▶ **Task brief**:
In the listing below, the answer starts at the line that has "MONOIR(モノワール)の" and stops after the line that has "Hà Nội: Sập"; please repeat that part exactly and nothing more.

START Data for processing

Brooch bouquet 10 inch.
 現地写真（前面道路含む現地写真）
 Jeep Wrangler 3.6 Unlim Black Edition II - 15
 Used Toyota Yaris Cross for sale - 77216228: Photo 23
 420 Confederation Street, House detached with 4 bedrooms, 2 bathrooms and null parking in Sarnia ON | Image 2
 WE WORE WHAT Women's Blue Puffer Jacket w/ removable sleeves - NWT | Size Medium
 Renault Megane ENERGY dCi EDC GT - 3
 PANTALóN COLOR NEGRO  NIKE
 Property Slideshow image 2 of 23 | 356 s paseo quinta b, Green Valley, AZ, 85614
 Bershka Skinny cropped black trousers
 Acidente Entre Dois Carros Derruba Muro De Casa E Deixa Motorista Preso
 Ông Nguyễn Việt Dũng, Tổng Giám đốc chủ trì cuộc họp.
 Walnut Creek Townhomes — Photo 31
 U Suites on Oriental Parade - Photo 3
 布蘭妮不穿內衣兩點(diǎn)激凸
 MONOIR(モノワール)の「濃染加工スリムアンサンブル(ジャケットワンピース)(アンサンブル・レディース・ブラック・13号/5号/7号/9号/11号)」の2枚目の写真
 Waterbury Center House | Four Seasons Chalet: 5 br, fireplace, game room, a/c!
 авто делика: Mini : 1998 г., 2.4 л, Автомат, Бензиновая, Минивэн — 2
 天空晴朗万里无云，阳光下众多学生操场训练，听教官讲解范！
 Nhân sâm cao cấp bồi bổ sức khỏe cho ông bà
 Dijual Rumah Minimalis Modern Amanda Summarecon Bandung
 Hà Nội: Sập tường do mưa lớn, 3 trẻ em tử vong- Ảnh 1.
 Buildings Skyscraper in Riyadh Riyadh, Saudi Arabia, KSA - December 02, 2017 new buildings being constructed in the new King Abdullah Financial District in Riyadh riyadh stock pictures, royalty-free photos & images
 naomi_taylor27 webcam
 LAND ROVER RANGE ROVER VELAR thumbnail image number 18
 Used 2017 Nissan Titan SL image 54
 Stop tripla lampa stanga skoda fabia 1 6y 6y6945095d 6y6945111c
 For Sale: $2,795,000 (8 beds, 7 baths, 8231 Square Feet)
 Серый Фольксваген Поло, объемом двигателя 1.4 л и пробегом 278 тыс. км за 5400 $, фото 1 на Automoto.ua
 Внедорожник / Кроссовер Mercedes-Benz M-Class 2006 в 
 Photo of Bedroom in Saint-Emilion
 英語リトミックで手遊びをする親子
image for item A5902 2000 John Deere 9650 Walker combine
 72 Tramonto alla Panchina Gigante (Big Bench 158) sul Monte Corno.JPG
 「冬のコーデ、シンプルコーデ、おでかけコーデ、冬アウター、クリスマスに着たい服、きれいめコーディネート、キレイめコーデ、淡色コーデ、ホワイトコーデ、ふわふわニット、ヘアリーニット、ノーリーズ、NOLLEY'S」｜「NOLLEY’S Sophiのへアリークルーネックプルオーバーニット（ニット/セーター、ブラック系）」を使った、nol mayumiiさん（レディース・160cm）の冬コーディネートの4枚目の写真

END Data for processing

▶ **Exercise output**:
 MONOIR(モノワール)の「濃染加工スリムアンサンブル(ジャケットワンピース)(アンサンブル・レディース・ブラック・13号/5号/7号/9号/11号)」の2枚目の写真
 Waterbury Center House | Four Seasons Chalet: 5 br, fireplace, game room, a/c!
 авто делика: Mini : 1998 г., 2.4 л, Автомат, Бензиновая, Минивэн — 2
 天空晴朗万里无云，阳光下众多学生操场训练，听教官讲解范！
 Nhân sâm cao cấp bồi bổ sức khỏe cho ông bà
 Dijual Rumah Minimalis Modern Amanda Summarecon Bandung
 Hà Nội: Sập tường do mưa lớn, 3 trẻ em tử vong- Ảnh 1.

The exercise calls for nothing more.